W wyniku zaniedbania, któremu Accord Tour kategorycznie zaprzecza, wydarzyły się następujące rzeczy:

1. Wydanie wiz zostało opóźnione o 2 dni po rozpoczęciu wycieczki;

2. Część nowo utworzonej grupy, do której nas dołączyliśmy, która miała wielokrotne wizy do Schengen, w ilości 11 osób wyjechało bez nas;

3. Jesteśmy 14 osób wieczorem 26.09.16. we Lwowie wsadzono ich do małego autobusu, żeby dogonić tych, którzy wyjechali aż do Frankfurtu. Oznaczało to, że podróżowaliśmy również nocą, chociaż nie mieliśmy wycieczki nocnej, co wpłynęło na koszt wycieczki.

4. W nocy z 26 na 27 września w Niemczech autobus został zatrzymany przez grupę „przechwytującą”, samochód został dokładnie sprawdzony przez rzeczoznawców technicznych i aresztowany ze względu na jego niezdatność techniczną do eksploatacji na terenie Unii Europejskiej, oraz my, pasażerowie, byliśmy poddawani wielokrotnej kontroli granicznej i upokarzającemu policyjnemu „szmonowi”;

5. 14 zmęczonych i głodnych ludzi spędziło noc w zimnym opuszczonym hangarze dawnego posterunku granicznego, gdzie nie było nawet miejsca do siedzenia, nie mówiąc już o toalecie czy kawiarni.

6. Następnego dnia, bliżej kolacji, odebrał nas autobus, który specjalnie przyjechał z Pragi. Zabrał nas do Frankfurtu, gdzie spotkaliśmy się o 16-30 z pierwszą grupą, która składała się tylko z 11 osób, czyli spędziliśmy dzień w autobusie. Ale zamiast przeprosin i sympatii od towarzyszącego grupie Andreya Prudivusa, otrzymaliśmy nietaktowność i chamstwo. Okazuje się, że tylko my jesteśmy winni wszystkich kłopotów i powinniśmy podziękować, że nie wylądowaliśmy w niemieckim więzieniu. Co więcej, powiedziano nam, że nie możemy liczyć na żadne odszkodowanie, nawet jeśli pójdziemy do sądu, bo rzekomo spóźniliśmy się z wnioskiem o wizę.

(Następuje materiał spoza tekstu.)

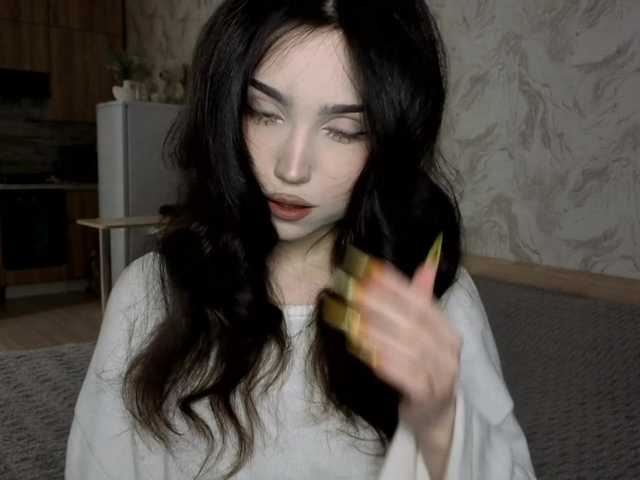 YuliaKim online show from August 11, 8:33 pm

Zostaliśmy okradzeni z 2 dni odpoczynku, 2 noclegów w hotelach ze śniadaniem, ponieśliśmy koszty materialne związane z ponownym wystawieniem dokumentów (dostarczenie biletów kolejowych, wyciągów bankowych, zaświadczeń od notariusza, rezerwacja hotelu), nie widzieliśmy ani Polski, ani Niemiec , chociaż były częścią trasy. Sama wycieczka nie jest na czas, nie jest zbilansowana i źle zorganizowana. A co najważniejsze, Accord Tour i jego pracownicy plują nam w dusze. Działalność polegająca na odbieraniu pieniędzy klientom i nie świadczeniu odpowiednich usług jest oszukańcza i nieodpowiedzialna.

biznes. Takich touroperatorów na rynku nie powinno być. Nigdy nie kontaktuj się z organizatorem wycieczek "Accord Tour"!!!